Regret looks like eye contact
I have always said that anger rises up inside of me like fire. It burns my heart first, and then my stomach, and then my throat. I'll say something I'll regret later.
But then sometimes, I say nothing at all. And that's what hurts the most.
I was the maid of honor. I was supposed to plan her bachelorette party.
Rewind to two months prior:
I am laying in bed, checking my phone periodically; it is 9PM on a Saturday night. I should be out with friends, or even just not in bed, when I get a text on Tinder from a guy I had just matched with.
He said, "Hey, I'm at ____ Bar downtown. Want to meet up?"
I usually would have said no. That's the thing!
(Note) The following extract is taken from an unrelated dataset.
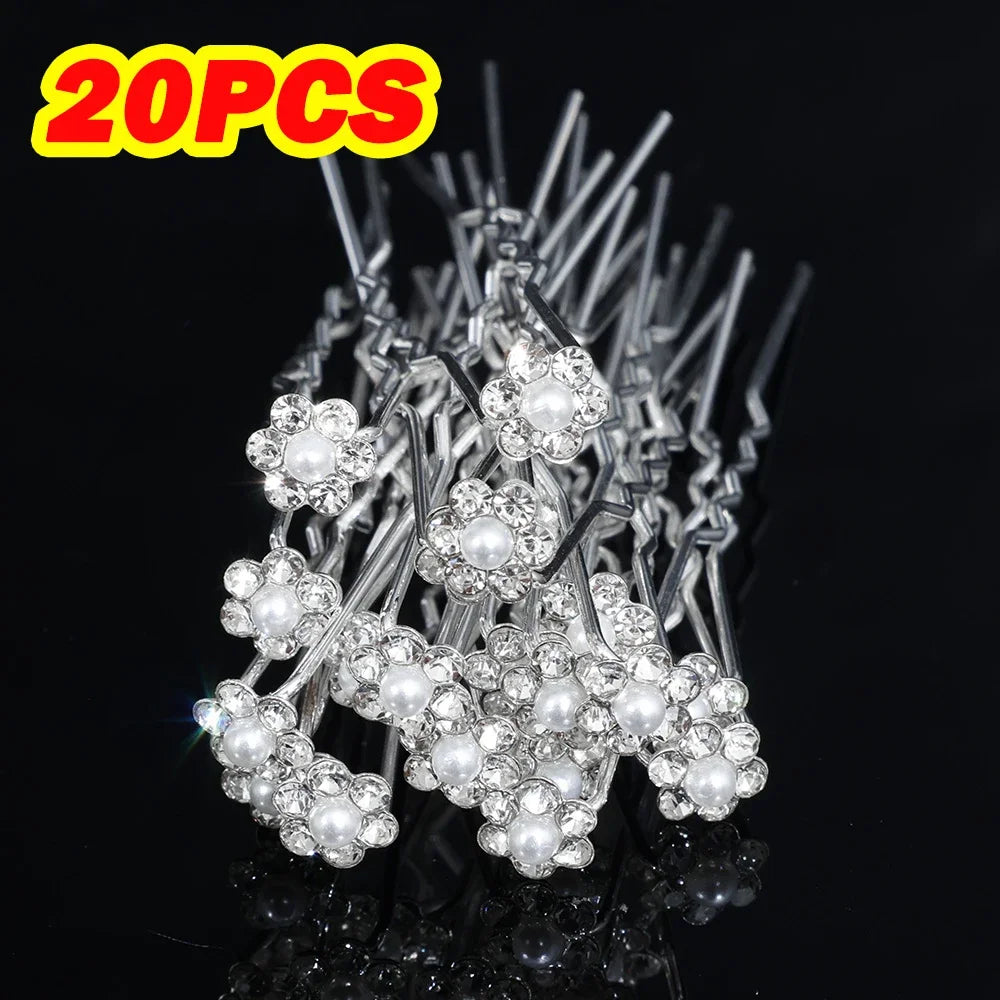 20pcs Women U-shaped Pin Metal Barrette Hair Clip Hairpins Simulated Pearl  Hair Accessories  Hairstyle Tools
But I had just been dumped by another guy just a few weeks earlier, and had no new luck with dating.
So, rolling over in bed to respond on my phone, I said "Sure, see you there."
This guy, I'll call him William, was very drunk by the time I got to ___ Bar downtown. But it was adorable. He was hilarious. Maybe it was because he was a happy drunk, but it was clear he didn't give a f___ what anyone thought of him. He just - was. Who he was.
He complimented me on my sweater and we spent the next two months dating.
Here's where it gets messy. He didn't want to hang out with me on New Year's Eve, after two months of dating, which I thought was weird, and it definitely raised red flags. When he finally, after two weeks of not seeing each other, offered to meet me at a local coffee shop, I said yes. Of course I wanted to meet him. I liked him a lot. I wanted to keep dating him.
After sitting there for maybe twenty minutes, he said, "I've been seeing someone else. That night at ____ Bar downtown? I had just broken up with her. But now we're back together."
Then he said, "But you're a really nice girl."
I decided to act on anger in that moment. I made eye contact with him, not saying anything, refusing to break it, until he looked down, flustered, and mumbled something else.
Probably something about how I was "a nice girl."
I was furious.
Fast forward to two months after that. I am the maid of honor, trying to plan a bachelorette party for my friend.
It was a disaster.
I have never been good at planning anything, not really. I picked a grim little Airbnb, without any planned activities except going to a restaurant near the Airbnb, also a grim little place. But how was I to know that?
I was so, so angry. And when one of my friend's friends started talking about her perfect marriage after dinner, I lost it.
I let anger take over.
I walked out. Later, in therapy, I would talk about this moment, regretfully. But then my therapist went: "That's it ? I thought, from how regretful you seem, that you had thrown a wine bottle at her."
But I don't have that kind of anger.
I have the kind of anger that simmers. And as I listened to her talk about her perfect marriage, something in me cracked in half. I literally couldn't take it anymore. And since we weren't making eye contact, and I couldn't hold it until she looked away in shame, like with William, I simply reacted by walking out, not saying goodnight, not saying anything.
And so I went to bed like that.
My friend didn't talk to me for a year and a half after that night. I had ruined her bachelorette party. I had ruined it for her, for everyone, and for myself.
But of course, I can't blame men. I can't blame being dumped twice in three months. I have no one to blame but myself.
But dang, does anger rise up sometimes. And it hurts; that vomit in your throat that just turns sour and not even into words. It just sits there with unbreakable eye contact and hypothetical smashed wine bottles.